The Czech Republic is a country cradled in Central Europe and is a member of the European Union. Despite its membership in the EU, the Czech Republic opted out of adopting the Euro in favor of keeping its own currency, the Koruna (CZK). Formerly a communist country in the Soviet Bloc, the Czech Republic adopted democratic market-oriented policies following the Velvet Revolution in 1989. With this shift toward free markets and an industrial economy, the Czech Republic experienced a credit boom in the early to mid-1990s. Unfortunately for Czech households, with rising credit comes rising debt in the Czech Republic as well.
A Closer Look at Debt in the Czech Republic
After shedding the yolk of communism in 1989, the Czech Republic embraced free-market policies focused on industrialization and the growth and privatization of business. Deregulation ensued, with particular focus placed on unshackling the banking and lending industries.
Following the credit boom of the 1990s, a reform on the lending system in 2001 provided the opportunity for a slew of private bailiffs to emerge to collect debts racked up throughout the spending boom in the previous decade. These private debt collection agencies often employ aggressive strategies to enforce repayment. The private bailiffs often pursue debts regardless of the debtor’s ability to pay. They utilize brutal strategies for recollection such as freezing bank accounts and siphoning earned income. They even enter into debtors’ homes to seize property.
How Debt Destroys Opportunity
Currently, 863,000 Czechs face at least one seizure order. This means, due to the current legal framework, their income above a certain minimum amount can be forcibly redirected towards debt repayments. This represents roughly 10% of the current population of the Czech Republic.
Personal debt in the Czech Republic can become financially crippling for many people. Those with outstanding debts have their income siphoned away to pay the interest. This leads many to enter into the black market to find jobs which would not disclose their income. This expansion of the black market is exacerbating a labor shortage within the Czech economy.
People who accumulate even small debts such as those from telephone bills may face compounding debt traps. This is a result of poor financial literacy and loose regulations on lenders and financial institutions. In addition, there are laws that make bankruptcy declaration extremely convoluted and difficult. This legal and institutional framework of the Czech debt system regressively places an undue burden upon the middle and lower classes to pay debts which they cannot afford. Thus, it stifles economic mobility and magnifies the financial hardships faced by the Czech people.

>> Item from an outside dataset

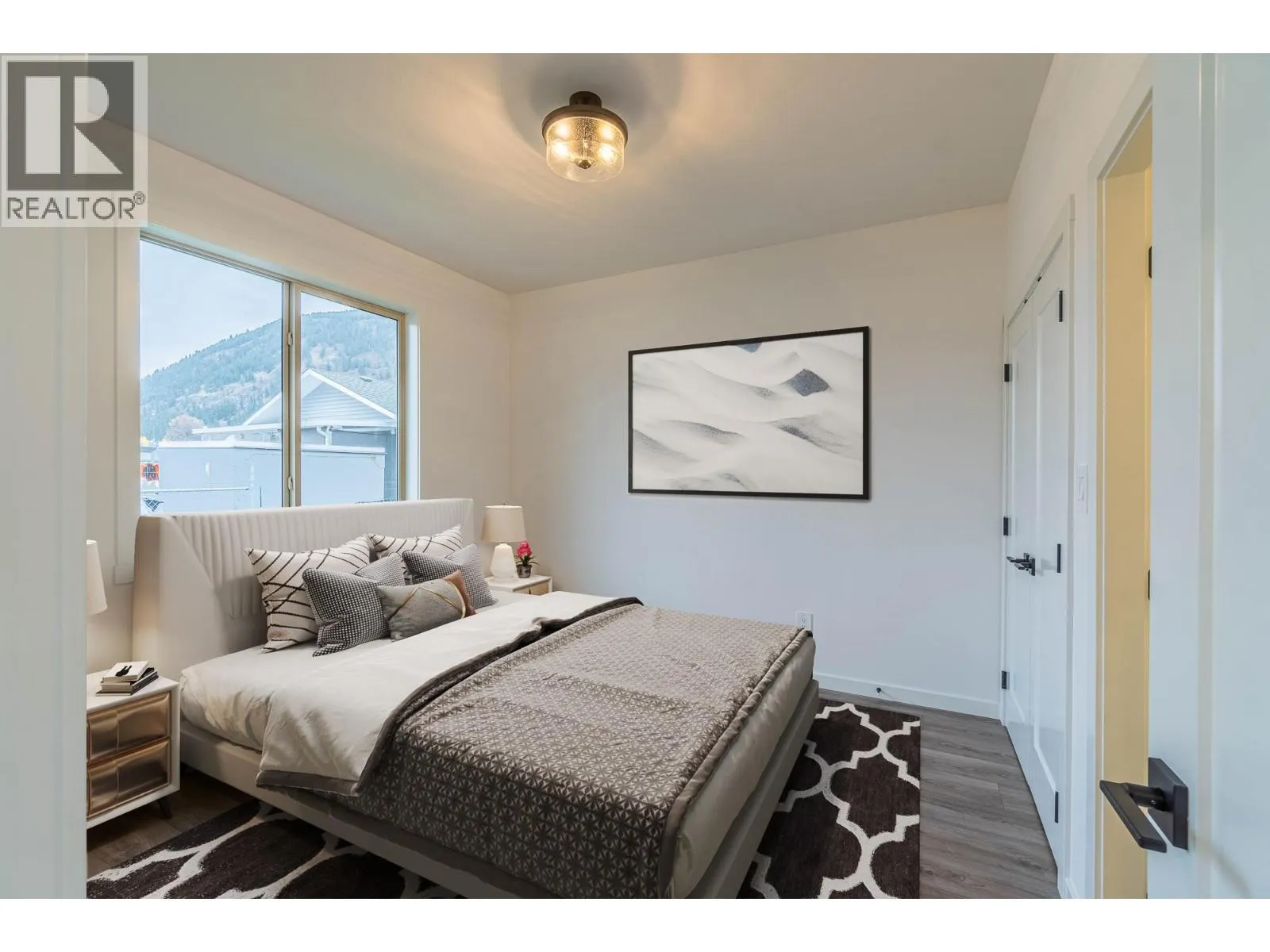 220 Shepherd Road Unit# 11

Finding Ways Out of Debt in the Czech Republic
Fortunately for many within the Czech Republic, various government and non-government solutions are being implemented. Financial literacy is critical when navigating the complex landscape of personal debt, which is one of the main services that Czech nonprofit People in Need provides. People in Need offers debt advisory services to Czech citizens to help them understand financial planning, borrowing and repayment of loans. People in Need also helps debtors legally defend themselves from unjust collections strategies as well as petition for bankruptcy. This can be an important tactic for alleviating debt in the Czech Republic.
The Czech government is also aware of these systemic issues. As of 2017, Parliament has debated bills addressing these strict policies regarding seizures and bankruptcy. Since the early 2000s, the law allows companies to better collect their loans by paying collections agencies. These agencies can cause the fees owed by debtors to skyrocket, potentially over ten-fold. This is due to costly collections processes as well as fees collected by the agencies. Both the government as well as nonprofit organizations like People in Need are working on ways to lower fees. They also work to expand access to the possibility of bankruptcy and more generous debt relief.
The Czech Republic serves as an important case study in national debt policy. Even a relatively rich country in Europe can still place undue financial burdens on its lower classes through inadequate lending laws and aggressive privatization of the credit industry. The work being done by nonprofits and the government should act as an example in reforming household credit markets and hopefully create a more just and forgiving landscape for lenders within the Czech Republic.